Lazy Days Midnight Lightening, aka Leo, is a 27" Black pinto Stallion

Golden Meadows Heirs Dream Girl, aka Lola, is a 32.5" Palomino pinto mare

All photos are here-

Carolina Breach

Video here-



A few favorites


----------



## Kendra (Mar 23, 2011)

I LOVE the last photo! Gorgeous!


----------



## Taylor Richelle (Mar 23, 2011)

LOVE the pictures! Thank you for sharing, looks like you had fun


----------



## topnotchminis (Mar 23, 2011)

That looks like so much fun. Great pics.


----------



## Lori W (Mar 23, 2011)

Loved the video - looks like SO much fun!


----------



## miniwhinny (Mar 23, 2011)

Love that last pic...you need to edit out the halter...then it would be worth framing !


----------



## Knottymare (Mar 24, 2011)

What a fun day. Looks like you all had a great time. Your video was so relaxing to watch!


----------



## hobbyhorse23 (Mar 24, 2011)

miniwhinny said:


> Love that last pic...you need to edit out the halter...then it would be worth framing!
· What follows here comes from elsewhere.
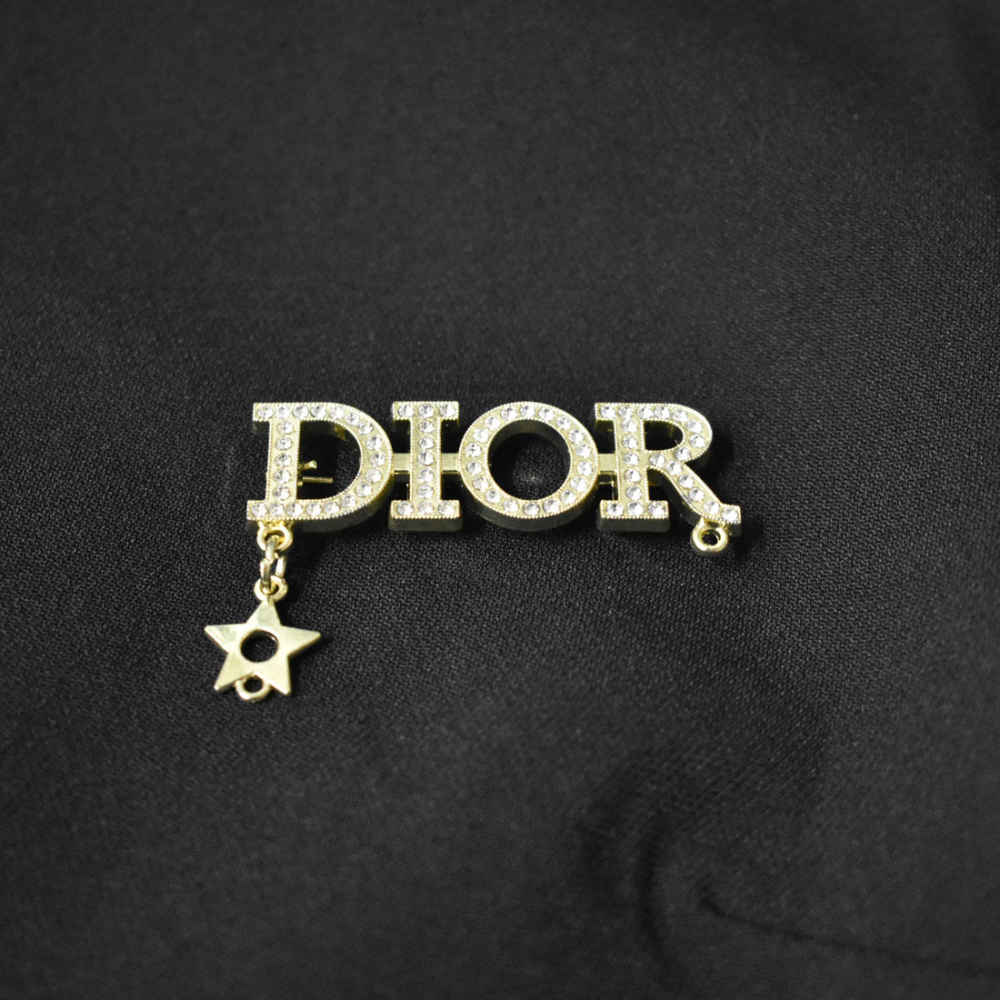 Dior Black Premium Quality Womens Dress-thumb-3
Like it's not worth framing now??



Those are awesome photos!! Way more artistic than the shots I've gotten of mine on the beach, wow. Professional photographer?

Leia


----------



## Stampedeoflove (Mar 24, 2011)

Thanks so much ya'll



It was FUN! Nope, not professional photos. Snapped between my Mom & myself.

Stampede Of Love


----------



## wingnut (Mar 24, 2011)

I am thoroughly jealous! To take mine to the beach (if I could even find one that allowed it) would take a 6 hour round trip and I don't think my horses would be happy to ride in the trailer for 6 hours for 30-60 minutes on the beach.

They are both lovely!!


----------



## hobbyhorse23 (Mar 25, 2011)

wingnut said:


> I am thoroughly jealous! To take mine to the beach (if I could even find one that allowed it) would take a 6 hour round trip and I don't think my horses would be happy to ride in the trailer for 6 hours for 30-60 minutes on the beach.
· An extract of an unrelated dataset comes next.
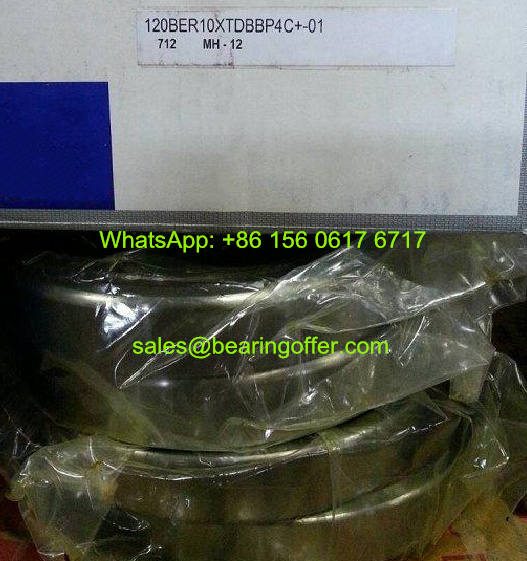 120BER10X Spindle Bearing 120x180x28 Ball Bearing 120BER10XTDBBP4C+-01 - Stock for Sale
It's a six hour trip one way for me to meet my friends down in Oregon, and often 8-9 hours with traffic. We just stay the weekend to make it worth it!

Leia


----------



## MINI REASONS (Mar 26, 2011)

Beautiful pictures! I love them all, but my fav is the one where the guys look like they are having a man to man talk.



Very cute.


----------



## eagles ring farm (Mar 27, 2011)

Great pictures


----------